Realitas di lapangan
          Kemerosotan pendidikan kita sudah terasakan selama bertahun-tahun, untuk kesekian kalinya kurikulum dituding sebagai penyebabnya. Hal ini tercermin dengan adanya upaya mengubah kurikulum mulai kurikulum 1975 diganti dengan kurikulum 1984, kurikulum 1994, kurikulum 2004 (KBK) kemudian diganti lagi dengan kurikulum 2006 (KTSP) .

          Nasanius (1998) mengungkapkan bahwa kemerosotan pendidikan bukan diakibatkan oleh kurikulum tetapi oleh kurangnya kemampuan profesionalisme guru dan keengganan belajar siswa. Profesionalisme sebagai penunjang kelancaran guru dalam melaksanakan tugasnya, sangat dipengaruhi oleh dua faktor besar yaitu faktor internal yang meliputi minat dan bakat dan faktor eksternal yaitu berkaitan dengan lingkungan sekitar, sarana prasarana, serta berbagai latihan yang dilakukan guru.(Sumargi, 1996) Profesionalisme guru dan tenaga kependidikan masih belum memadai utamanya dalam hal bidang keilmuannya.

          Memang jumlah tenaga pendidik secara jumlah sudah cukup banyak, tetapi mutu dan profesionalisme belum sesuai dengan harapan.
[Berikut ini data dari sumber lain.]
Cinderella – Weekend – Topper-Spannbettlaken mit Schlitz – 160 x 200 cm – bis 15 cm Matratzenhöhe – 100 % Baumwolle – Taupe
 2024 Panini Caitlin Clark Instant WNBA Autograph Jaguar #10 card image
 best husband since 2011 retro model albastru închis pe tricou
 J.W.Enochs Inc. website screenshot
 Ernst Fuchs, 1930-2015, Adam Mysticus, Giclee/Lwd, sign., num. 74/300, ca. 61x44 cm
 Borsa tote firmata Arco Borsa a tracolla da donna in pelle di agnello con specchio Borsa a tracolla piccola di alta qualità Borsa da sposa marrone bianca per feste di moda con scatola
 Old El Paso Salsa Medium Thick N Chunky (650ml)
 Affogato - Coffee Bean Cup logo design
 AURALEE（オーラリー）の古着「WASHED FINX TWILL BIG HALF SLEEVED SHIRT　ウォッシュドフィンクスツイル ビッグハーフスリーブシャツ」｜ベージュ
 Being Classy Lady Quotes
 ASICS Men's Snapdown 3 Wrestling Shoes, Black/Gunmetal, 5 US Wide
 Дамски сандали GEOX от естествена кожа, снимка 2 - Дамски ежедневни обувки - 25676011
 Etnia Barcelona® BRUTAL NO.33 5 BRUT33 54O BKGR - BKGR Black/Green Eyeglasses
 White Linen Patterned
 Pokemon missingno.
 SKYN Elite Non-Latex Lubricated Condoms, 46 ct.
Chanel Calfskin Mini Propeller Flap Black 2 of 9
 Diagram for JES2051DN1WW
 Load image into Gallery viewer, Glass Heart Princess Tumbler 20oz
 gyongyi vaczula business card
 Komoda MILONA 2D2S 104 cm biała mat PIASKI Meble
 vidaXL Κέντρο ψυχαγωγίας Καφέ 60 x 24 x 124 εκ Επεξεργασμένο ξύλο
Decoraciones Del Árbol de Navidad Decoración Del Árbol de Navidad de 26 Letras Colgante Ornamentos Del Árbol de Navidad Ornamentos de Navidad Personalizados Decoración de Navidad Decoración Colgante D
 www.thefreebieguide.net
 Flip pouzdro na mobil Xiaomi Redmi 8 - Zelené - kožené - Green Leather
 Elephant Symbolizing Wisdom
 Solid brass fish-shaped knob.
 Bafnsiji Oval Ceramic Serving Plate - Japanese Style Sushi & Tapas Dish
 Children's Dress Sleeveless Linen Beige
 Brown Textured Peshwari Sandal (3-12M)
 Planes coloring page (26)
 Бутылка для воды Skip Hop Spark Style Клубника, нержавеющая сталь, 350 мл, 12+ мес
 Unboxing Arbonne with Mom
Banyak diantaranya yang tidak berkualitas dan menyampaikan materi yang keliru sehingga mereka tidak atau kurang mampu menyajikan dan menyelenggarakan pendidikan yang benar-benar berkualitas (Dahrin, 2000).

          Banyak faktor yang menyebabkan kurang profesionalismenya seorang guru, sehingga pemerintah berupaya agar guru yang tampil di abad pengetahuan adalah guru yang benar-benar profesional yang mampu mengantisipasi tantangan-tantangan dalam dunia pendidikan.

          Guru sangat mungkin dalam menjalankan profesinya bertentangan dengan hati nuraninya, karena ia paham bagaimana harus menjalankan profesinya namun karena tidak sesuai dengan kehendak pemberi petunjuk atau komando maka cara-cara para guru tidak dapat diwujudkan dalam tindakan nyata. Guru selalu diintervensi. Tidak adanya kemandirian atau otonomi itulah yang mematikan profesi guru dari sebagai pendidik menjadi pemberi instruksi atau penatar. Bahkan sebagai penatarpun guru tidak memiliki otonomi sama sekali. Selain itu, ruang gerak guru selalu dikontrol melalui keharusan membuat Rencana Pelaksanaan Pembelajaran (RPP). Padahal, seorang guru yang telah memiliki pengalaman mengajar di atas lima tahun sebetulnya telah menemukan pola belajarnya sendiri. Dengan dituntutnya guru setiap kali mengajar membuat RPP maka waktu dan energi guru banyak terbuang. Waktu dan energi yang terbuang ini dapat dimanfaatkan untuk mengembangkan dirinya.

          Akadum (1999) menyatakan dunia guru masih terdapat dua masalah yang memiliki mutual korelasi yang pemecahannya memerlukan kearifan dan kebijaksanaan beberapa pihak terutama pengambil kebijakan; (1) profesi keguruan kurang menjamin kesejahteraan karena rendah gajinya. Rendahnya gaji berimplikasi pada kinerjanya; (2) profesionalisme guru masih rendah.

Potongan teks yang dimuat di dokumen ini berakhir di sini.